Cemetery of Splendour
Rak ti Khon Kaen
2015
Paesi
Thailandia, Gran Bretagna, Francia, Germania, Malesia, Corea del Sud, Messico, Usa, Norvegia
Genere
Drammatico
Durata
122 min.
Formato
Colore
Regista
Apichatpong Weerasethakul
Attori
Jenjira Pongpas
Banlop Lomnoi
Jarinpattra Rueangram
Petcharat Chaiburi
Tawatchai Buawat
In un ospedale allestito in una ex scuola ormai abbandonata, un plotone di soldati vivacchia nel sonno a causa di un malessere misterioso ed enigmatico, insondabile e indecifrabile. Una signora, Jenjira (Jenjira Pongpas), fa amicizia con Keng (Jarinpattra Rueangram), giovane medium che lavora sul posto per connettere i soldati dormienti con le loro famiglie.

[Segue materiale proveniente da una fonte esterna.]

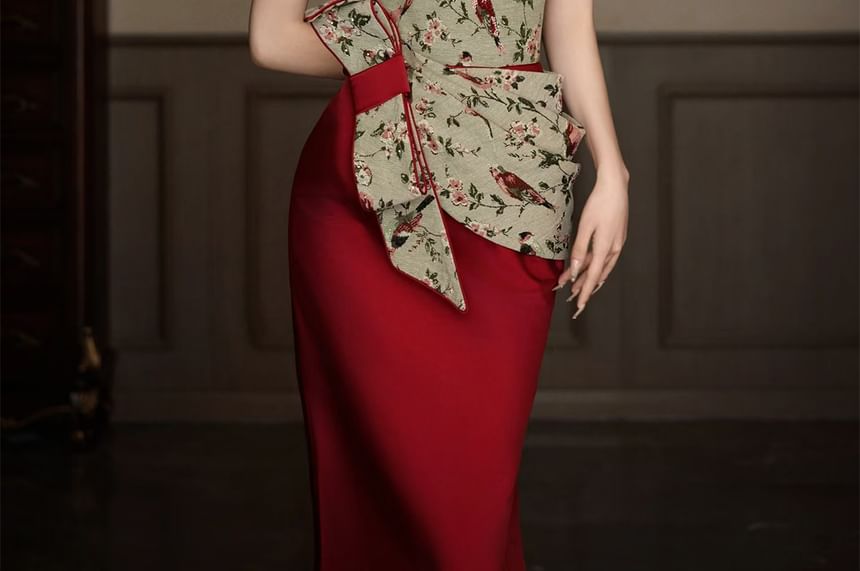 Floral Evening Bow Strapless Sheath Gown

Apichatpong Weerasethakul ritorna sui luoghi e i temi tipici del suo cinema impalpabile e colmo di elementi evocativi; in questo caso il regista thailandese, partendo da premesse a metà tra l’esoterico e il magico e sfoggiando una singolare vena compositiva che dà luogo a immagini nitide e potenti, mette in piedi una specie di passeggiata tra le rovine della memoria e della tradizione culturale del proprio paese, filmata con impassibile lucidità e con una luminosa vena elegiaca. Ciò che stupisce è lo sguardo chirurgico e allo stesso tempo avvolgente di un cineasta che non esita a indicare rompicapi impossibili da sciogliere piuttosto che tentare di spiegarli nel modo più semplice e riduttivo possibile, spaziando tra diversi elementi di una messa in scena dalle mille anime: a sequenze di grandissimo impatto formale si alternano infatti lampi quasi onirici, con un disegno delle luci formidabile, silente e inquietante e una serie di immagini primitive e arcane nel loro selvaggio e metafisico naturalismo (la scena dell’ectoplasma). L’autore instaura una connessione profonda tra sonno e perdita della memoria, tra realtà e immaginazione, tra le polverose rovine del presente e le bellezze trascorse di un passato ormai alle spalle. Il suo film, attraverso lo stratagemma di una nevrosi che colpisce nel sonno, evoca un mondo rovesciato abitato da soli fantasmi, nel quale non resta che guardare con occhi strabuzzati i resti di uno scenario naturale violentato dal tempo che passa, ma non scalfito, forse, nella sua purezza originaria. A inficiare il respiro complessivo dell’opera intervengono però dilatazioni eccessive, alcuni ingiustificabili tempi morti e una vena espressiva che si concede più di un passaggio a vuoto e meno ispirato, specialmente nella seconda parte, prima del magnifico finale. Presentato al Festival di Cannes nella sezione Un Certain Regard.